Hansen claimed that the petition circulators “lie” about some of what the amendment would do. For example, he said, parental notification would be eliminated, as would health safeguards during the first trimester. “They don’t tell the whole truth about it,” Hansen said.
For a while, the petition carriers weren’t allowed to use a large part of the area outside the Minnehaha County administration building. That came after the Minnehaha County auditor, Leah Anderson, recommended that the Minnehaha County Commission limit where signatures could be sought for any petition. Weiland’s side eventually won a federal judge’s order that reopened the restricted area. The county government and Weiland’s side are now in negotiation.
Life Defense Fund received a $200 contribution from Anderson’s political committee, Leah for Minnehaha Auditor, according to LDF’s 2022 year-end report that Hansen filed with the South Dakota Secretary of State office. Hansen told KELOLAND News however that Life Defense Fund wasn’t involved in the attempt to restrict the area outside the administration building. “We haven’t had any involvement in that. That was all just through the county,” he said.
Weiland’s perspective is that South Dakotans want the voters, rather than the Legislature, to decide whether abortion should be legal.
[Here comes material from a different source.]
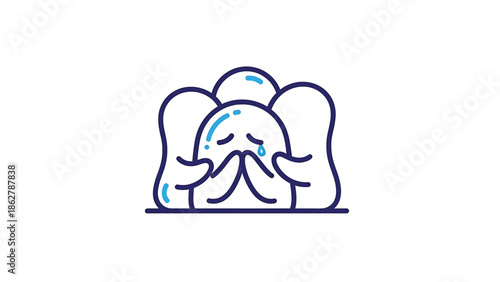 A stylized illustration depicting a crying figure embraced by two others, evoking empathy and support. Simple lines & a clean, minimalist style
He cited a Mason-Dixon poll that found 65% of respondents preferred a public vote. “So we know we’re on solid ground in terms of letting the people decide,” Weiland said. He expects to file about 60,000 signatures in mid-November.
Hansen said his side will be ready when the petitions are filed. “We’re going to very closely scrutinize those signatures,” he said. If the question qualifies, Hansen said South Dakota will be the latest battleground.
“We’ve raised enough money to sort of fulfill our mission today,” he said about the Life Defense Fund’s finances. “If they do make the ballot, you can assume millions of dollars from pro-abortion groups will flow into the state, and we’re going to have to match that.”
Abortion was legal nationwide until the U.S. Supreme Court issued its 2022 Dobbs decision that said each state could regulate it. That triggered a previously-dormant South Dakota law, passed in 2005, outlawing abortion other than to protect the life of the mother.
South Dakota voters twice refused to prohibit abortion in statewide votes during the 2006 and 2008 general elections. Both measures were rejected by about 55% of voters. Hansen said those results didn’t set a precedent and the current question wasn’t on the ballot. “So it’s completely different,” he said.
Weiland said he knows what’s coming from Hansen’s side. “They’re going to pull out a Trump. They’re going to do everything they can to slow this down from getting on the ballot,” he said about what’s expected from Life Defense Fund.
Weiland, who’s been an unsuccessful Democratic candidate for South Dakota’s seats in the U.S. House and U.S. Senate, said abortion opponents have a religious view that, according to Weiland, shouldn’t be imposed on all. Kansas was the first state since the Dobbs decision where voters decided to protect abortion, which Weiland said was “was like an earthquake” given its Republican-oriented Legislature.
Since then, other states such as Kentucky and Montana have done likewise, and Ohio voters earlier this month rejected an attempt to raise to 60% the state’s threshold for a ballot measure to pass. Republican lawmakers in Ohio had put the question on the ballot to get ahead of a statewide vote on abortion this fall.
The experiences in those states give Weiland hope that South Dakota voters, who have trended Republican and independent for the past decade while Democrats have lost numbers, will support protecting abortion in the state constitution. “If that can happen in Kansas it can happen anywhere,” he said.